Path: utzoo!attcan!uunet!husc6!mailrus!tut.cis.ohio-state.edu!ucbvax!HOGG.CC.UOREGON.EDU!jqj
From: jqj@HOGG.CC.UOREGON.EDU
Newsgroups: comp.protocols.tcp-ip
Subject: Re:  SO_KEEPALIVE considered harmful?
Message-ID: <8906012051.AA04340@hogg.cc.uoregon.edu>
Date: 1 Jun 89 20:51:23 GMT
Sender: daemon@ucbvax.BERKELEY.EDU
Organization: The Internet
Lines: 20

Seems to me that much of this discussion is missing the point that an
open TCP connection (especially a telnet session) can tie up expensive
resources on the server; most of the recent discussion has focussed on
the problems of a user who may or may not want to abort a connection on
network or remote host failure.  For example, many timesharing systems
charge based on "connect time", and some even enforce a maximum number
of outstanding sessions.  In such cases it is in the interest of the
user and the system to abort a telnet session if there is reason to
believe that loss of connectivity is not just briefly transient.  One
can obviously do this with a (perhaps user settable) timeout, but are
there other heuristics that might usefully be used as well?

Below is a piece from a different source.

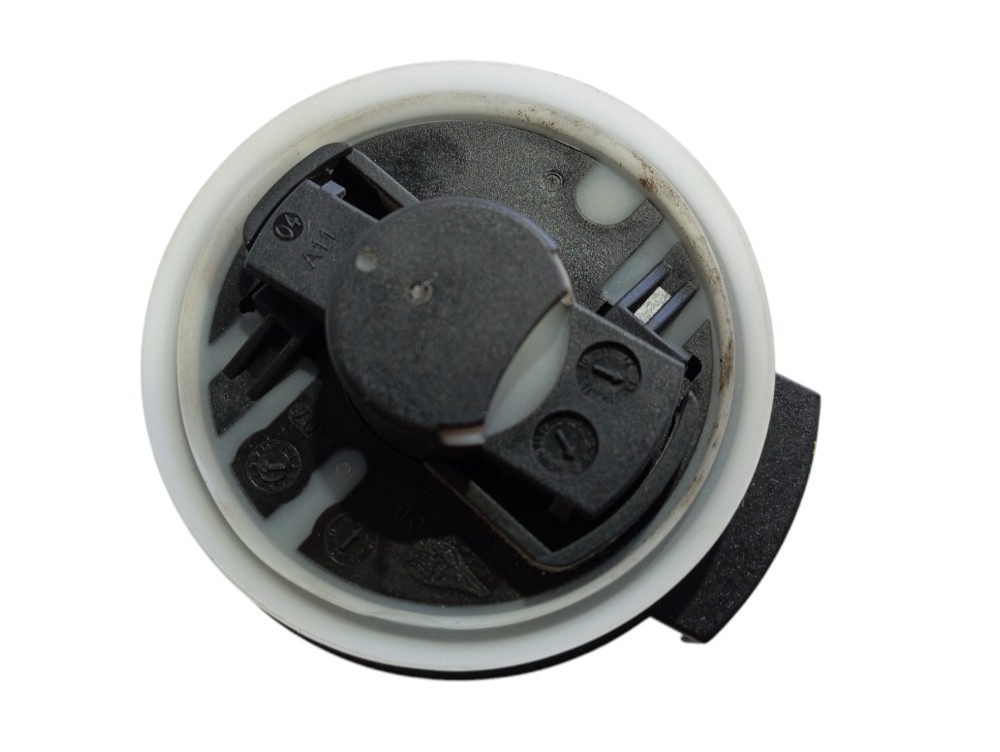 Sensor porta dianteira direita Vw Golf Highline 2014 V626 3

Does anyone have any data on the distribution of time-length of network
partitions?  How, for that matter, might we define a network
partition?  Many events (e.g. the TR card in our NSS going bad) yield
obvious network partitions with well defined lengths.  Others, e.g. a
degraded quality line, may imply very short (a few ms or s) partitions,
which increase the errors and retransmissions and ultimately imply an
unusable TCP connection.  Can we come up with an analytic model that
includes both sorts of failures?